Opini  

Kartini dan Mitos Kecantikan

Oleh: Rizky Ramli

_________________________

Setiap 21 April, kita rayakan Kartini dengan kebaya, sanggul, dan bedak tebal. Mungkin ini cara paling halus untuk membungkam perempuan dengan memintanya tersenyum sambil dibungkus rapi”.

Setiap tahun, peringatan Hari Kartini disambut dengan pawai kebaya, lomba berdandan, hingga kontes busana daerah. Sekilas tampak meriah dan mengakar budaya. Tapi jika Kartini bangkit dari kubur hari ini, mungkin ia akan terheran, apakah perjuangannya untuk kesetaraan dan pendidikan perempuan benar-benar diterjemahkan lewat bedak, lipstik dan skincare?
Naomi Wolf dalam The Beauty Myth menyebutkan bahwa mitos kecantikan bukan tentang penampilan, melainkan tentang pengendalian. Ketika perempuan mulai memasuki ranah publik, kuliah, bekerja, berpolitik, datanglah standar baru yang mengikat tuntutan untuk tetap menarik, langsing, putih, awet muda. Kecantikan menjadi kewajiban, bukan pilihan.

Di Indonesia, mitos ini diperkuat bukan hanya oleh pasar, tapi juga sejarah politik. Julia Suryakusuma dalam State Ibuism mengurai bagaimana negara mengonstruksi perempuan sebagai istri yang anggun dan ibu yang patuh. Tubuh perempuan dijaga, dibentuk, dan dimanfaatkan demi citra moral bangsa.
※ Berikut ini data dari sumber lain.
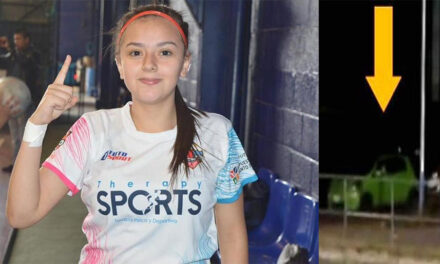 Familia de joven futbolista desaparecida, comparten la fotografía de un auto como sospechoso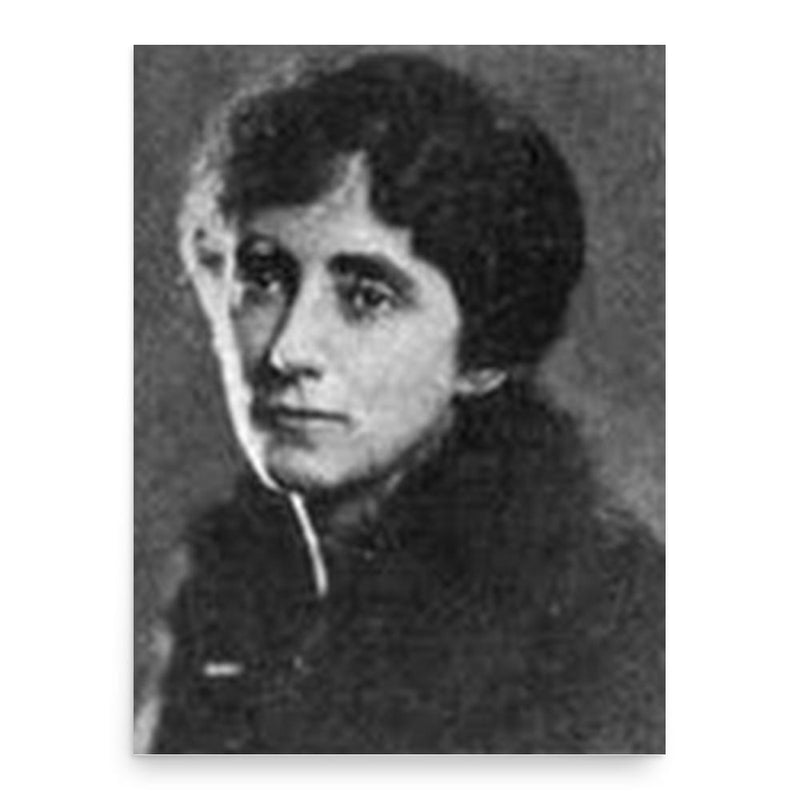 Amelia Josephine Burr poster print, in size 18x24 inches.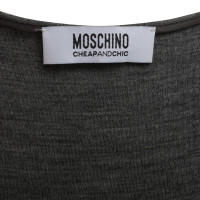 Moschino Cheap And Chic Dress in grey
Kini, pembingkaian itu diteruskan oleh industri kecantikan dan algoritma media sosial.

Ayu Utami, dalam Si Parasit Lajang, pernah menulis “Perempuan dituntut untuk cantik bukan untuk dirinya, tapi untuk sistem yang tidak berpihak padanya.” Kita hidup dalam ilusi kebebasan, padahal seringkali pilihan kita telah ditentukan oleh narasi-narasi yang menindas. Bahkan ketika perempuan bicara tentang “self-love,” seringkali itu masih dibungkus produk skincare dan konten monetisasi tubuh. Di tengah semua ini, Hari Kartini seharusnya menjadi momen untuk menggugat, bukan sekadar mengenang. Menggugat bagaimana tubuh perempuan terus-menerus dijadikan objek penilaian. Menggugat bagaimana anak-anak perempuan dipaksa percaya bahwa nilai mereka terletak pada riasan, bukan pikiran.

Kartini bukan ikon kosmetik atau parade busana. Ia adalah suara yang menulis panjang lebar tentang kebebasan berpikir, pentingnya pendidikan, dan perlawanan terhadap adat yang menindas. Kartini adalah simbol keberanian melawan norma. Jika kita merayakan Kartini tanpa membawa semangat itu, kita hanya menjadikan namanya sebagai label kosong.

Mari rayakan Kartini dengan cara yang lebih radikal, ajak anak-anak perempuan membaca surat-suratnya, berdiskusi tentang feminisme, membongkar mitos kecantikan, dan berani berkata “tidak” pada standar tubuh yang membatasi. Karena perempuan tak dilahirkan untuk dipuji, tetapi untuk didengar. Dan Kartini, lebih dari segalanya, adalah suara yang menolak dibungkam. (*)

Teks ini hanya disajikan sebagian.